Load look-up tables into memory: • The entire look-up table is retrieved from the target server and loaded into the engine’s memory. • Matching (or joining) this look-up data with source records is done in memory before the resulting transformed data is written back to the target server. • If the look-up table is large, the operation will require a large amount of memory and a long time to download its data and re-index it in the engine.
Slide 15: 1.
Perform row-by-row look-ups “on the fly”: • For every row, the ETL engine sends a query to the look-up table located on the target server. • The query returns a single row that is matched (or joined) to the current row of the flow. If the lookup table contains, for example, 500,000 rows, the ETL engine will send 500,000 queries. • This will dramatically slow down the data integration process and add significant overhead to your target system.
Slide 16: 1.
Use manual coding within the ETL job: • Use the ETL engine only for loading source data to the target RDBMS and manually write SQL code to join this data to the target look-up table. • This raises the question: why would you buy a tool that requires manual coding on the target server, knowing that you lose all the benefits of metadata management and development productivity by doing so? • Unfortunately, this is what many users end up doing once they notice (10 x) ten-times degradation in the overall performance of the integration process (when compared to the same operations executed by manual code).
Slide 17: Cost Issues
Most ETL tool purchases are justified based on potential labor savings. Unfortunately, there are other up-front and recurring costs that must be considered in the ROI analysis. The most obvious initial cost is that of the dedicated server and proprietary ETL engine software. Because these middle tier components carry out all the compute-intensive transformation operations, a powerful server is required, and in some cases multiple servers and run-time engines are necessary to meet the throughput requirements.

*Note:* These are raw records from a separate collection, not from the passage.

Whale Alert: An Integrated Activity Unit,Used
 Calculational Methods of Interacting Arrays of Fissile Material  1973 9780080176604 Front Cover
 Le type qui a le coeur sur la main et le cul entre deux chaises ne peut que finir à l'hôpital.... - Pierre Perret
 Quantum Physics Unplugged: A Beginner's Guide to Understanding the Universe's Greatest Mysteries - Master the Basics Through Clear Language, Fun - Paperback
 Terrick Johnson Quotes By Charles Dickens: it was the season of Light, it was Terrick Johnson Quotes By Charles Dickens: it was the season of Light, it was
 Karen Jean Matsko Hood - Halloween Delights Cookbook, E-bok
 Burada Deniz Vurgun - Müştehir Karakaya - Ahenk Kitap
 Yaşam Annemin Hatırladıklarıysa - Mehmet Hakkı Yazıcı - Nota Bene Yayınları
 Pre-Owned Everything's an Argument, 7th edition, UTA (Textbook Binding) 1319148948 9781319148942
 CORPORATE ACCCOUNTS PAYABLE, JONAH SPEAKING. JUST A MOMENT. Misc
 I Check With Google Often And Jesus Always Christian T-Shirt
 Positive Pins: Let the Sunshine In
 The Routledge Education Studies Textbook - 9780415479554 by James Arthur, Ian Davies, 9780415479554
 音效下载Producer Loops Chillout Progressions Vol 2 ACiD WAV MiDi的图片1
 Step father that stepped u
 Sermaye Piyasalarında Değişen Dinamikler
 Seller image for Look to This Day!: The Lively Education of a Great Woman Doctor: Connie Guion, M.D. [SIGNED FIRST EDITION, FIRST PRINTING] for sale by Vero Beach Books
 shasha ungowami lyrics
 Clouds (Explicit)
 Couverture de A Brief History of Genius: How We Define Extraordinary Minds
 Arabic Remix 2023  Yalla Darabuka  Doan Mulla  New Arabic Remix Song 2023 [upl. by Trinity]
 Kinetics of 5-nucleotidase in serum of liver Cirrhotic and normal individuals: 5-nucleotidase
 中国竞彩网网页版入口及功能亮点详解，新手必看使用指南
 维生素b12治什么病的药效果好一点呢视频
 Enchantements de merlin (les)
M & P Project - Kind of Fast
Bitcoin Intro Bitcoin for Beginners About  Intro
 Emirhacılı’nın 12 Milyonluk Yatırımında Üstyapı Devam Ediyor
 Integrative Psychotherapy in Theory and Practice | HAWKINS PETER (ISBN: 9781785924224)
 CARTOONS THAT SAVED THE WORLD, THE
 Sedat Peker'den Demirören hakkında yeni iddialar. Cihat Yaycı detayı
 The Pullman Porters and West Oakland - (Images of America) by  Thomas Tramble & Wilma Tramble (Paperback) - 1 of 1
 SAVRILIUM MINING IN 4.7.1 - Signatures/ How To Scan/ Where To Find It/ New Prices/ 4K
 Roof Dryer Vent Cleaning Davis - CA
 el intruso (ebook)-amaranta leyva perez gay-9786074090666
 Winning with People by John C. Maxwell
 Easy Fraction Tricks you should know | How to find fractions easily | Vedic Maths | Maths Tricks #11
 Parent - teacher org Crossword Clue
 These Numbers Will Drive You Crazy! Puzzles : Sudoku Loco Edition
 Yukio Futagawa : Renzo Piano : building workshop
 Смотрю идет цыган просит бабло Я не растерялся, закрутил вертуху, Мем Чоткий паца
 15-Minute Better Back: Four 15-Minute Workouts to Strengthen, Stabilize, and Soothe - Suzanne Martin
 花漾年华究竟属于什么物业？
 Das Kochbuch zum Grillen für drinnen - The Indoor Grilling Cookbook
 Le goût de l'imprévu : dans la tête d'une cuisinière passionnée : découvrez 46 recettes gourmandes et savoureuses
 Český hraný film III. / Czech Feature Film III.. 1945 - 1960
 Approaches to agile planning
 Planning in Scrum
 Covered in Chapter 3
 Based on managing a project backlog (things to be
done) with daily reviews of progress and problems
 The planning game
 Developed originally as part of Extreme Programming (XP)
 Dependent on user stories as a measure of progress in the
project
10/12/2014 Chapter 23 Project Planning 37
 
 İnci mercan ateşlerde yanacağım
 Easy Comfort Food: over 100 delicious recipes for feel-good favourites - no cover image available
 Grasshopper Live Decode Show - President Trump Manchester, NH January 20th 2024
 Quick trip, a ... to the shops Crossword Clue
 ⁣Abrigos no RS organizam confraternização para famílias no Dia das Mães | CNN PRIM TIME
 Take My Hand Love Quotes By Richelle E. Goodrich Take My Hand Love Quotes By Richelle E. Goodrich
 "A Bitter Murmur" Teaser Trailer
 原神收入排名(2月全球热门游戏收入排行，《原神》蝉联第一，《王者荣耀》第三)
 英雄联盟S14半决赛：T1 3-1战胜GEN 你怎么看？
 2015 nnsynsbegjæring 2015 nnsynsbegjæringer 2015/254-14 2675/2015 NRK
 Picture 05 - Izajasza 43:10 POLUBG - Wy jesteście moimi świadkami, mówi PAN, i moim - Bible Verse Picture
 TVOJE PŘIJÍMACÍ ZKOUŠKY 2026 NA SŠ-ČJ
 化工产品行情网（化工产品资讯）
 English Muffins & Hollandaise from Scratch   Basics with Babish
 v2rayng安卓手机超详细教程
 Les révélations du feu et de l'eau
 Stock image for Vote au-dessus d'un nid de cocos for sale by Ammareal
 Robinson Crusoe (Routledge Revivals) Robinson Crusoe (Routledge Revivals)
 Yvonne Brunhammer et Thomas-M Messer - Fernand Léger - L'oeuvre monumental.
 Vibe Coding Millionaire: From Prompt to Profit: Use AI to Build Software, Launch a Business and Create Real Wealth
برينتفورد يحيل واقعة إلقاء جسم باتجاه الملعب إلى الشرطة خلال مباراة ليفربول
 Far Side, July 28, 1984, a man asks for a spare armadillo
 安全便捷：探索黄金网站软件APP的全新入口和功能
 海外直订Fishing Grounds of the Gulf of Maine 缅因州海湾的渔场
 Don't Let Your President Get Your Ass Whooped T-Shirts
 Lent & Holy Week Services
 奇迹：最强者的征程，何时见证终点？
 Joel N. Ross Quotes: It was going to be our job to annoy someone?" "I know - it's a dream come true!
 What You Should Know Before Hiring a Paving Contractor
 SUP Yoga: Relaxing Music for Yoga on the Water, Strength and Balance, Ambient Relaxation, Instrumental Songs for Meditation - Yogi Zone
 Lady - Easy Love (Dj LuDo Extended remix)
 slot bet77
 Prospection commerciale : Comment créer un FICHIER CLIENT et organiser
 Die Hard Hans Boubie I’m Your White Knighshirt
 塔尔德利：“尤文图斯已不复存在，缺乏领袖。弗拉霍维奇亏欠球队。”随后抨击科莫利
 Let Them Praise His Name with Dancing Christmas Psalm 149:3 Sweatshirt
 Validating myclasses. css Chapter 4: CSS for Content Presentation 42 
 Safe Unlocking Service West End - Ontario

Slide 18: There are also ongoing hardware and software maintenance costs associated with these assets. This can result in hundreds of thousands of dollars in additional hardware, software and maintenance expenses. In addition, as the Data Warehouse grows to accommodate higher throughput demands, the ETL hub server will need to scale up with it, necessitating additional hardware and software purchases in the future. Conventional ETL tools also have a number of hidden costs, including the consulting expenses required for setup and tuning, and the rip-up and re-write of code as integration requirements evolve over time.
Slide 19: A Better Approach: “E-LT” Architecture + Business Rules
In response to the issues described before, a new architecture has emerged, which in many ways incorporates the best aspects of both manual coding and ETL approaches in the same solution. Known as “E-LT”, this new approach changes where and how data transformation takes place, and leverages the existing Developer skills, RDBMS engines and server hardware to the greatest extent possible. In essence, E-LT moves the data transformation step to the target RDBMS, changing the order of operations to: Extract the data from the source tables, Load the tables into the destination server, and then Transform the data on the target RDBMS using native SQL operators.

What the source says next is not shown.